Um dos recursos narrativos nada convencionais aplicados ao romance, foi o de contar o retorno para Tejuco e a visita ao túmulo de Heitor de múltiplas e diferentes formas, algumas vezes complementares e outras contraditórias, em cada capítulo, acrescentando camadas à história e preparando o leitor para um final surpreendente.

"você lamenta, quase em silêncio, com o rumor vexado de um orgulho que já não presta para mais nada, que ainda é virgem, que precisa encontrar uma mulher, com quem deverá, durante uma noite, por várias vezes, descobrir um pretexto para se retirar do mundo de cabeça erguida, que ainda precisa ouvir o próximo disco de sua banda favorita, a próxima versão do seu jogo favorito, a próxima edição de sua revista favorita, a próxima qualquer coisa favorita que o deixe conectado por mais um tempo a este ar saturado e que o faça esperar a novidade seguinte e, ainda que não haja novidade seguinte, ainda que tudo seja somente uma repetição dos mesmos fatos, só que de roupa nova, ainda assim você merece experimentar, nem que seja apenas para se certificar de que não há nada de novo e que você está enjoado de tudo, você merece, amigo, [...]" (p. 75)

Mas, afinal, qual seria o privilégio dos mortos? O esquecimento ou desconhecimento do seu estado, talvez, como nesta passagem em que Heitor, condenado por uma doença fatal, cita o eclesiastes: "os vivos sabem que morrerão, mas os mortos não sabem coisa nenhuma, e hoje estou vivo, acrescenta ele, mas amanhã ou mesmo daqui a pouco posso morrer e de uma maneira ou de outra, o que experimentarei é o esquecimento e não pode haver dor no esquecimento e, se não há dor, por que existiria sofrimento?". 

De fato, a morte é o tema central neste audacioso e sofisticado romance que incomoda e faz pensar, independente de abordagens religiosas ou filosóficas. Segundo Nietzsche, que inspirou o título: "O privilégio dos mortos é não ter que morrer novamente", um argumento retórico difícil de contestar e que o autor soube desenvolver com originalidade.

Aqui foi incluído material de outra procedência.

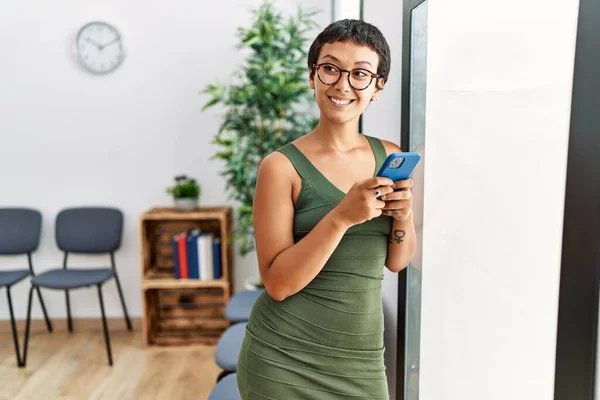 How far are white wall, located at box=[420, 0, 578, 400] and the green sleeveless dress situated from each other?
247 millimetres

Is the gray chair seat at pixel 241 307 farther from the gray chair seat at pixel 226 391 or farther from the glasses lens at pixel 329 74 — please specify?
the glasses lens at pixel 329 74

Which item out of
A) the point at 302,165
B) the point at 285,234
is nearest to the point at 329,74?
Result: the point at 302,165

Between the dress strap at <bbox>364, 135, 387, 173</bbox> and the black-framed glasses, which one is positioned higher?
the black-framed glasses

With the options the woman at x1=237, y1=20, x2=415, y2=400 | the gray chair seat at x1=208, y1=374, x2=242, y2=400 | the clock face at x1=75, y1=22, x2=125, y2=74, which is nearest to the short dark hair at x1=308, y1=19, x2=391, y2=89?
the woman at x1=237, y1=20, x2=415, y2=400

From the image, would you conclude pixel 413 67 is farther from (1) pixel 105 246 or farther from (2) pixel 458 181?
(1) pixel 105 246

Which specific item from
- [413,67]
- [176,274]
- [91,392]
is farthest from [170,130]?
[413,67]

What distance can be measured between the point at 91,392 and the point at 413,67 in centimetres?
251

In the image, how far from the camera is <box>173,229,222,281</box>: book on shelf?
372 cm

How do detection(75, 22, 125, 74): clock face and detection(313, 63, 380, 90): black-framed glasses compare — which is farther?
detection(75, 22, 125, 74): clock face

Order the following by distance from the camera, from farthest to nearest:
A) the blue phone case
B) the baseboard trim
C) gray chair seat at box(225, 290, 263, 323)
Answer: the baseboard trim, gray chair seat at box(225, 290, 263, 323), the blue phone case

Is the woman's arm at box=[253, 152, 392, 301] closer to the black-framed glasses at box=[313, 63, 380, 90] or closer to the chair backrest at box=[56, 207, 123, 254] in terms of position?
the black-framed glasses at box=[313, 63, 380, 90]

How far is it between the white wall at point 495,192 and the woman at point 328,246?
21cm

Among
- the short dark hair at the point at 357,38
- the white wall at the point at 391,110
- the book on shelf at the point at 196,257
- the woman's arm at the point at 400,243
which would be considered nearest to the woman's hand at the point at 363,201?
the woman's arm at the point at 400,243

era como se uma crosta de beatitude, um campo de força de silêncios e humildades e regras e manhas me impedisse de resgatar o medo, de pressentir a revolta contra aquela supuração a deixar um rastro de tabus acompanhando a palavra 'morte', era como se assim, detrás dessa convicção inquebrantável, da coragem, do altruísmo, heitor, fosse mais fácil conquistar o que desejasse, porque, o mundo se compadece com o inevitável, o mundo se rende quando um câncer ou um acidente ou uma dengue hemorrágica ou uma pneumonia abrevia uma existência, esse mundo, por pior que esteja, ainda se compadece com determinados inconvenientes, [...] (p. 123)

O encontro entre vivos e mortos está para acontecer no cemitério da cidade de Tejuco para onde o nosso protagonista se dirige com outros personagens, impulsionados por uma mistura explosiva de álcool e drogas.

Sobre o autor: Whisner Fraga é mineiro de Ituiutaba. Autor de "As espirais de outubro", romance, Nankin, 2007, "Abismo poente", contos, Ficções, 2009, "Lúcifer e outros subprodutos do medo", Penalux, 2017, entre outros livros. Participou das antologias "Os cem menores contos brasileiros do século, organizada por Marcelino Freire e "Geração zero zero", organizada por Nelson de Oliveira. Teve contos traduzidos para o inglês, árabe e alemão. "O privilégio dos mortos" é sua décima obra publicada.